Computational Biology (Current State and History)

This article was originaly appeared on simons institute website

Since Descartes, and especially in the contributions of Kepler, Galileo and Newton, the main goal of the physical sciences has been to develop universal laws expressed as mathematical formulae, to which one can “input” measured conditions, i.e., known variables, to produce an “output,” representing certain aspects of the unknown. Biology as a scientific discipline did not initially follow this reductionist path until the revolutionary works of Darwin and Mendel, which demonstrated that biological systems shared common traits and patterns, expressed as “models”. By the early 20th century, mathematical methods, and statistical methods in particular, were already in use for the analysis of quantitative data in the biological sciences. The roots of computational biology, or bioinformatics, can be traced to that time, although, as in other sciences, biological data analyses were initially performed by humans. This changed after the advent of electronic computers, which were developed while pioneering physicists like Delbruck and Crick were establishing that hereditary information is carried by DNA, in long double-helical chains, encoding digital information – just like the tape in a Turing machine. Although the first computers, such as ENIAC, were initially employed in science for physical (thermonuclear) modeling by Von Neumann and others, it soon became natural for the likes of Gamow and Ulam to consider the use of ENIAC for biomolecular modeling and comparison. Simultaneously, Fisher started to use EDSAC in Britain to assess statistical significance, measured through the newly introduced notion of p-value. These happened while both Turing and Shannon, respective founders of theoretical computer science and information theory, were working on problems in biological computing.

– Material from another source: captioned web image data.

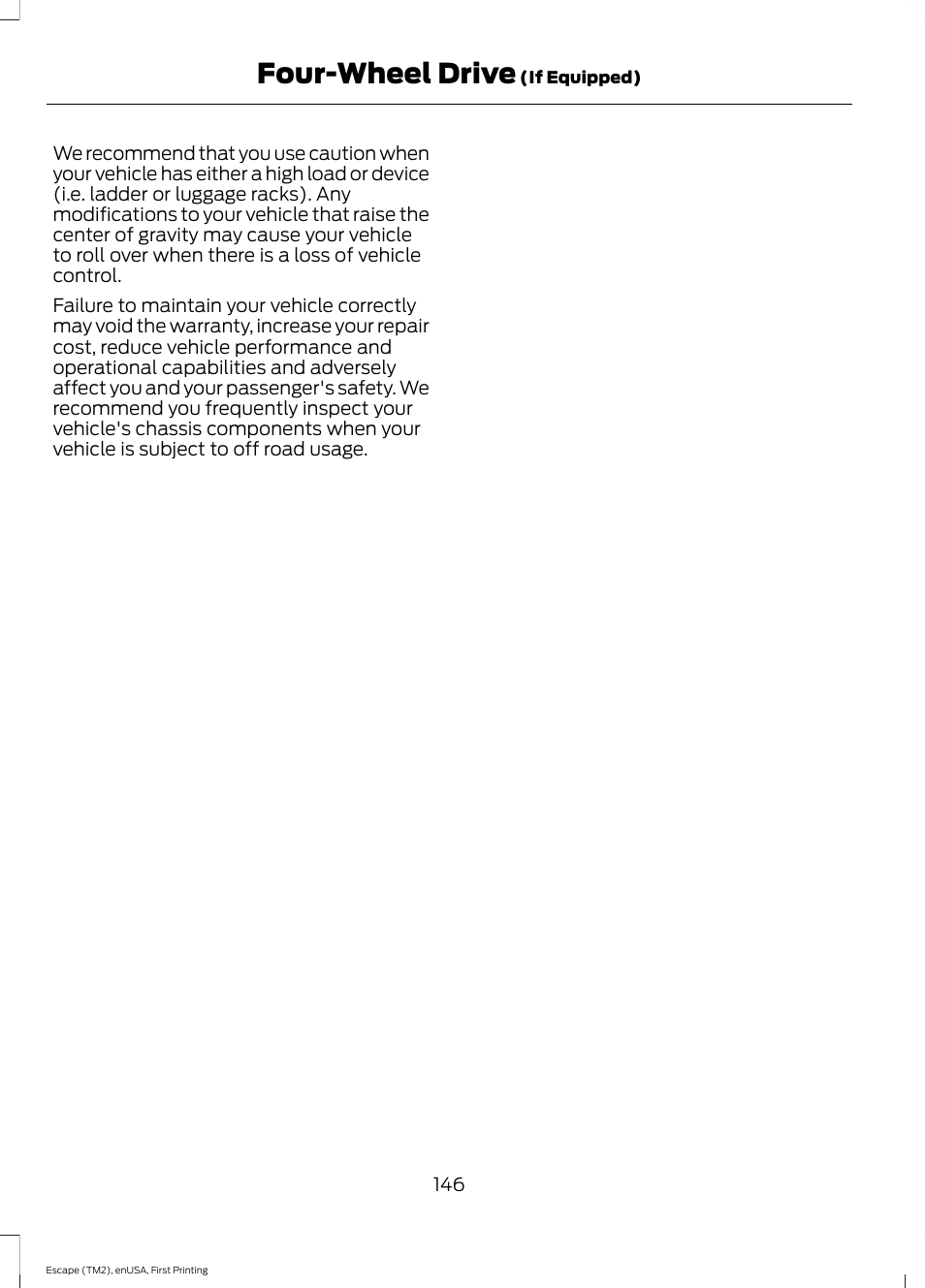 Four-wheel drive | FORD 2015 Escape User Manual | Page 149 / 449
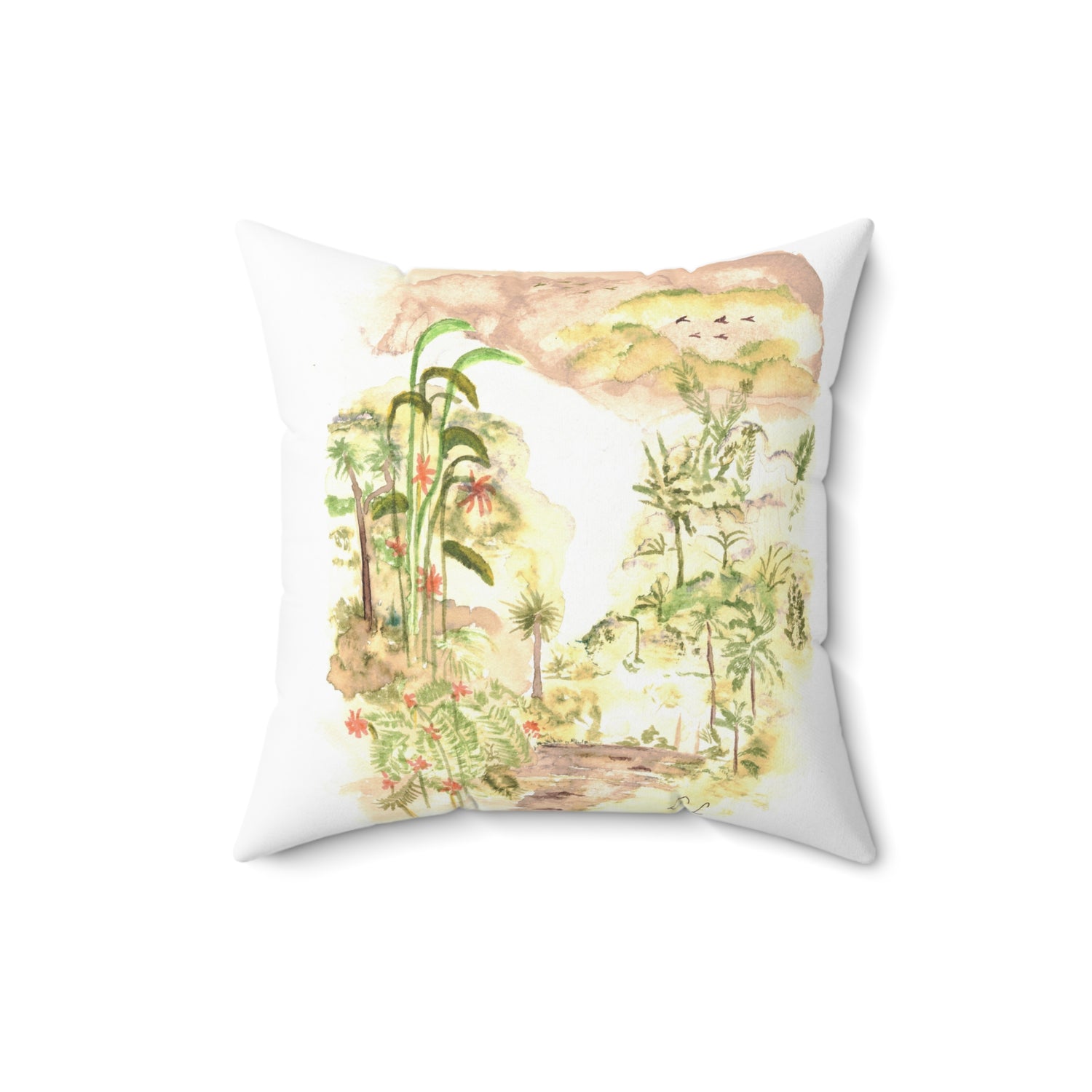 Square Throw Pillow Jungle — Minima Marron  Brushstroke Accent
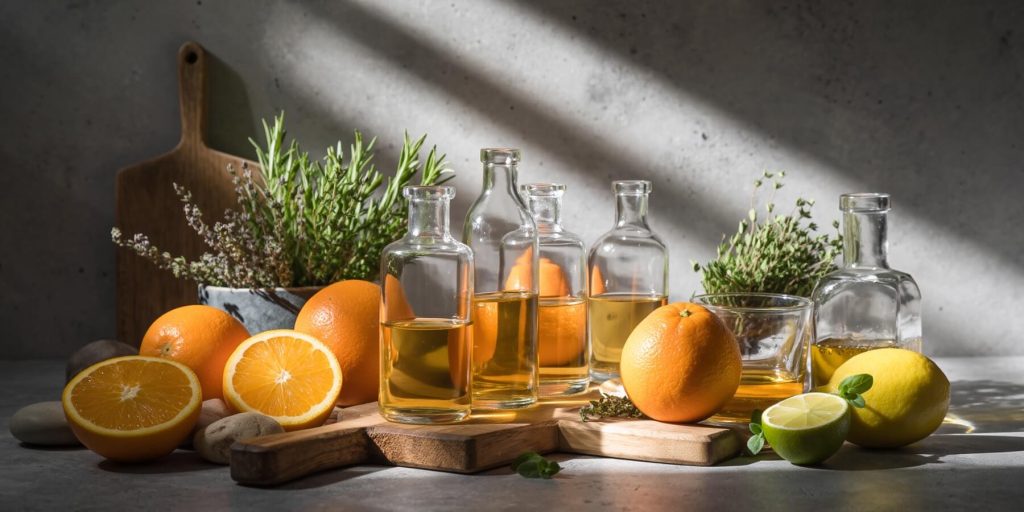 A rustic table set up with wooden boards, fresh herbs, lemons, limes and oranges with spirits in various size bottles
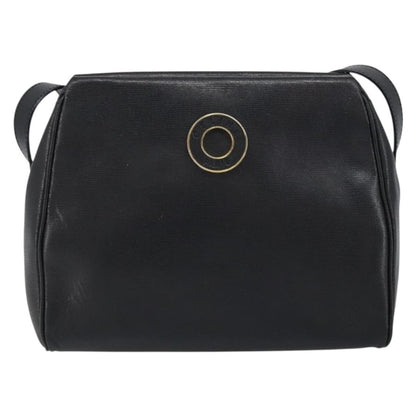 Celine Circle Logo Shoulder Bag Leather, BLACK, LEATHER, Shoulder bag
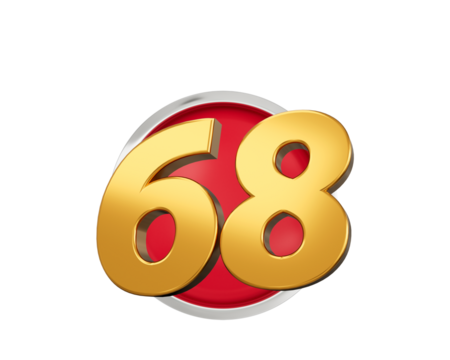 Golden Number 68 Sixty Eight On Rounded Red Icon with Particles 3d Illustration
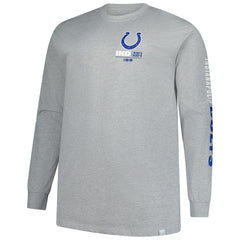Indianapolis Colts Big & Tall Clock Management Legacy Long Sleeve T-Shirt - Heather Gray - Fanatics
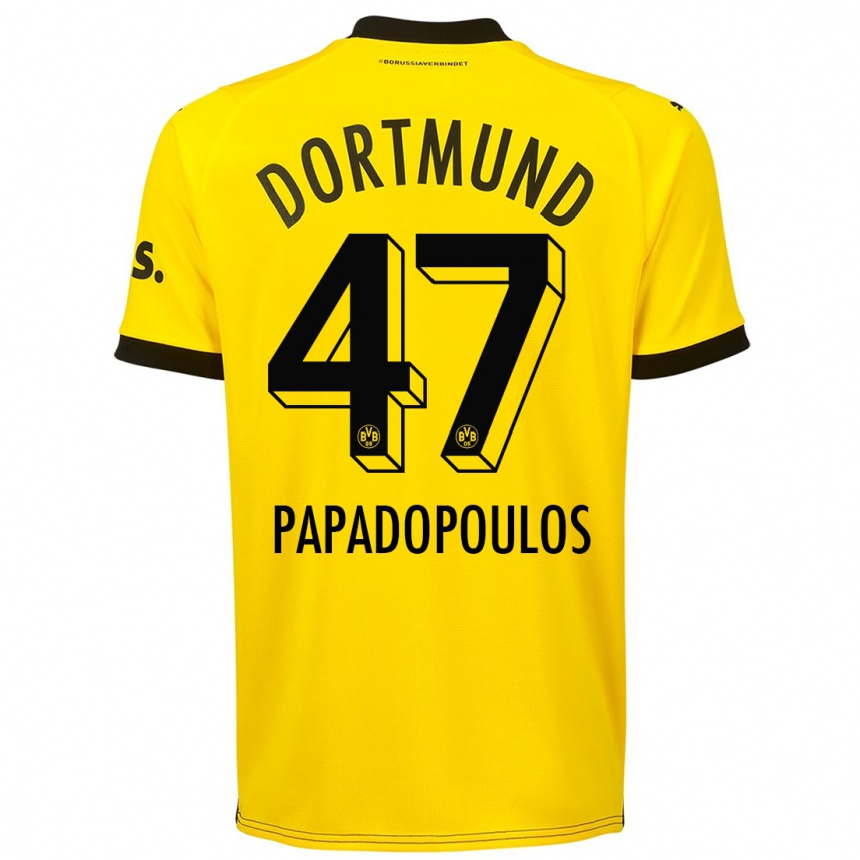 Vaikiškas Antonios Papadopoulos #47 Geltona Namų Marškinėliai 2023/24 T-Shirt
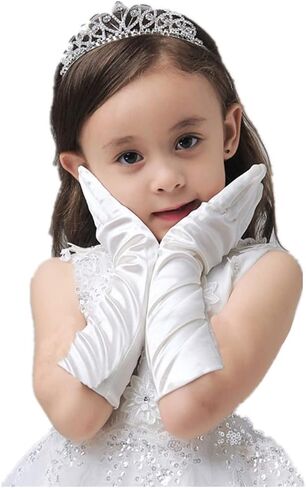 PENINSULA LOVE Kids Satin Opera Gloves Long Shiny Dress Up Gloves Stretchy Flapper Elbow Gloves for Girl Princess 2-8year in Saudi Arabia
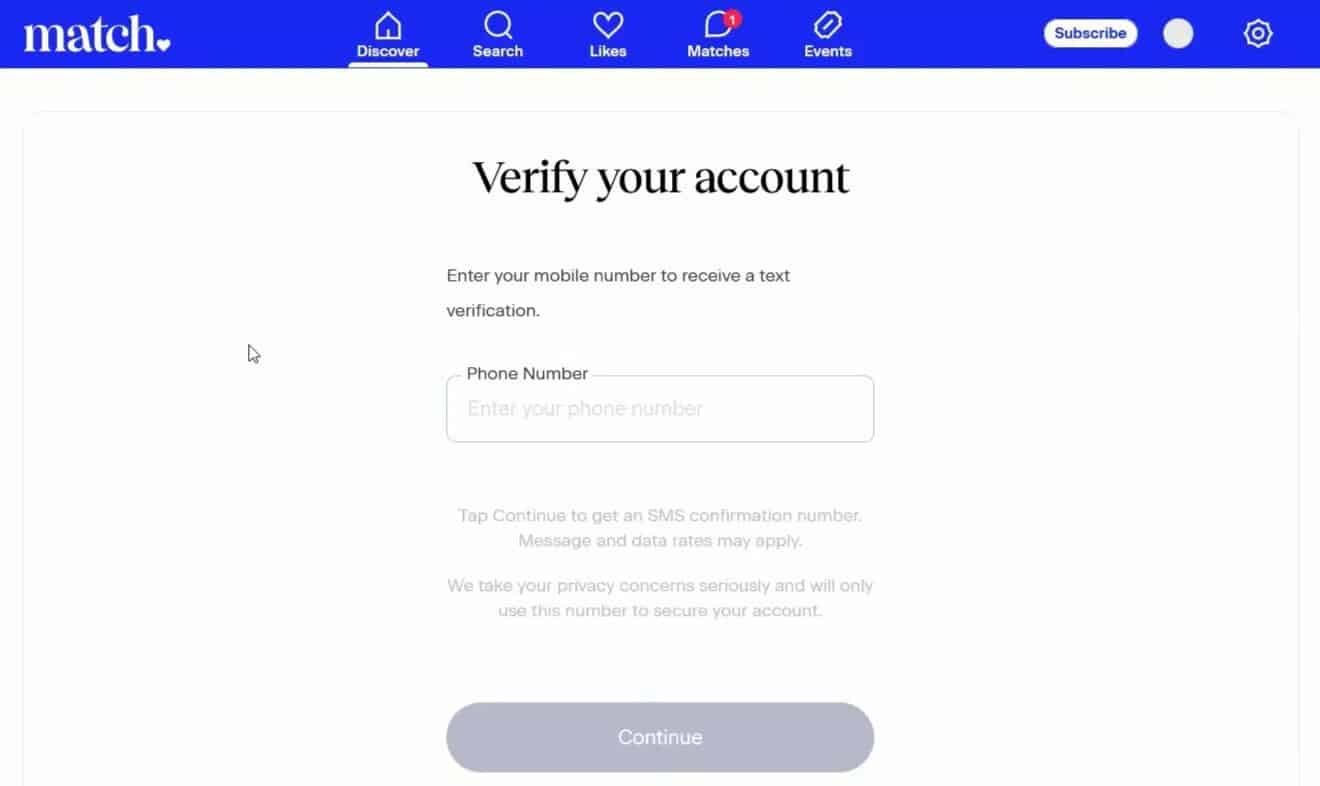 Número de teléfono para el código de verificación de coincidencias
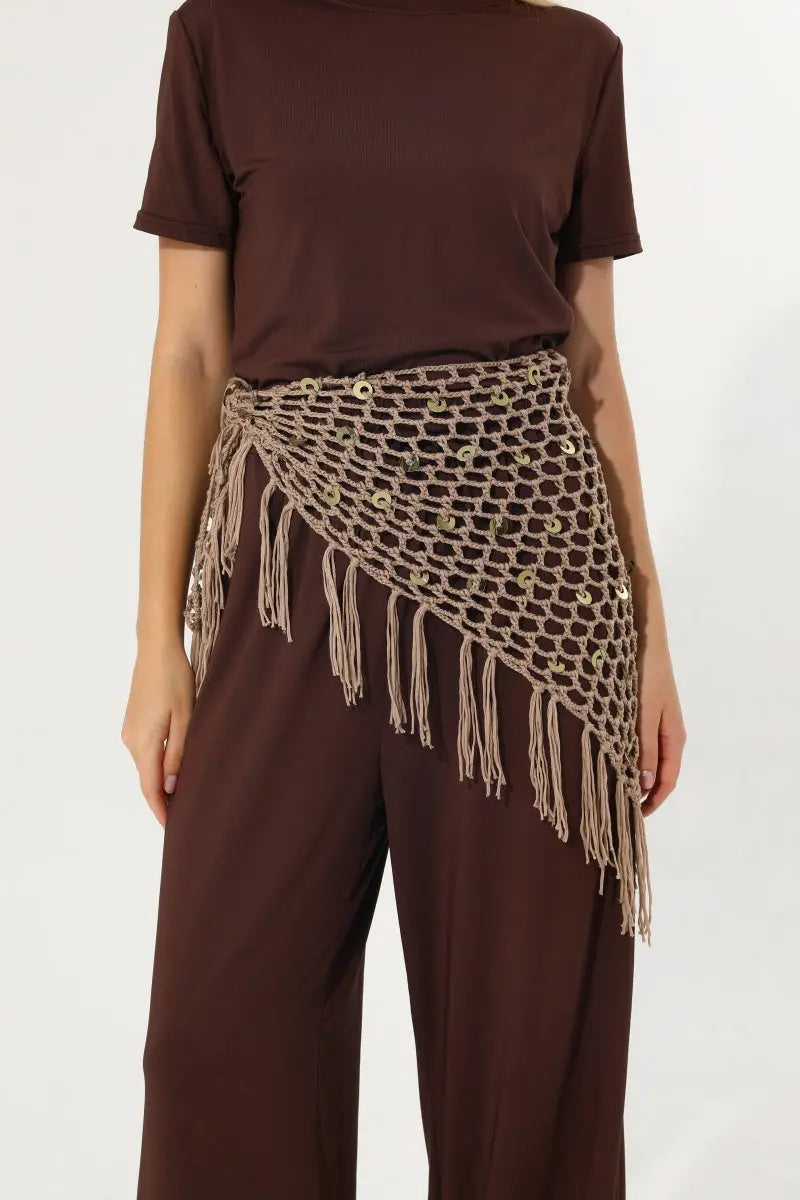 Women Boho Sequin Crochet Tassel Mesh Multiway Shawl ✨🍂 Leto Collection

By the late 1950s, computers were already used in population studies, species classification, and taxonomy construction. However, all these applications used the computer as a fancy calculator. While the work of Wiener and others on cybernetics laid the foundations of systems biology, much of the groundwork in that direction was speculative and not very algorithmic. Arguably, computational biology only became a distinct discipline in the 1970s with the biomolecular sequence comparison algorithms of Needleman and Wunsch as well as Smith and Waterman, developed in response to growth in the field of molecular biology. The 1970s also witnessed the development of the first protein structure prediction algorithms to aid crystallography and molecular dynamics simulations.

The first bioinformatics algorithms were developed simultaneously with the young field of theoretical computer science. After the introduction of Sanger sequencing, the first computational methods for genomic and proteomic sequence similarity search, as well as RNA secondary structure prediction, benefited from new algorithmic design and analysis ideas in dynamic programming (e.g. by Levenshtein for edit distance computation) and data structures for string matching (e.g. the suffix trees of Weiner and McCreight). With the kick-off of the Human Genome Project, the 1990s witnessed a significant increase in algorithmic activity for solving biomolecular problems. Novel methods for multiple sequence alignment, motif finding, haplotyping, phylogenetic tree construction, and protein structure analysis and prediction emerged at this time, all preparing the field for the eventual completion of the human genome sequence. The late 1990s were especially exciting, with both public and private efforts aiming to assemble the human genome from Sanger sequencing reads. Simultaneous development of microarray technologies resulted in numerous statistical and combinatorial techniques for clustering, classification and regression. Additional advances in co-expression analysis and protein interaction prediction through the yeast two hybrid system expanded systems biology into the realm of network science.

The completion of the Human Genome Project and the emergence of next generation sequencing technologies moved bioinformatics into a new era of Big Data science. Read mapping and variant detection algorithms, gene annotation and functional element discovery methods, gene expression and alternative splicing analysis tools that use RNA-Seq data, became central to international scientific projects of unprecedented scale, such as the 1000 Genomes Project, ENCODE and modENCODE, The Cancer Genome Atlas, and the International Cancer Genome Consortium.

As the size and variety of biomolecular data grow, interactions among molecular biology, theoretical computer science, statistics and statistical machine learning will need to deepen. Although algorithmic technology from the 80s and 90s, such as suffix arrays, locality sensitive hashing and color coding, as well as general techniques in linear and non-linear optimization and approximation algorithms for NP-hard problems, have already found profound applications in bioinformatics, newer techniques in streaming, sketching, metric embeddings, compressed data structures, differential privacy, homomorphic encryption and others are yet to attract significant interest from the computational biology community. Similarly, emerging problems in big data genomics, transcriptomics and proteomics have hardly attracted any attention in the theoretical computer science community. One of the objectives of our lab is to bring together the practices and expertise of the two communities, and develop algorithms and technologies to advance both research fields.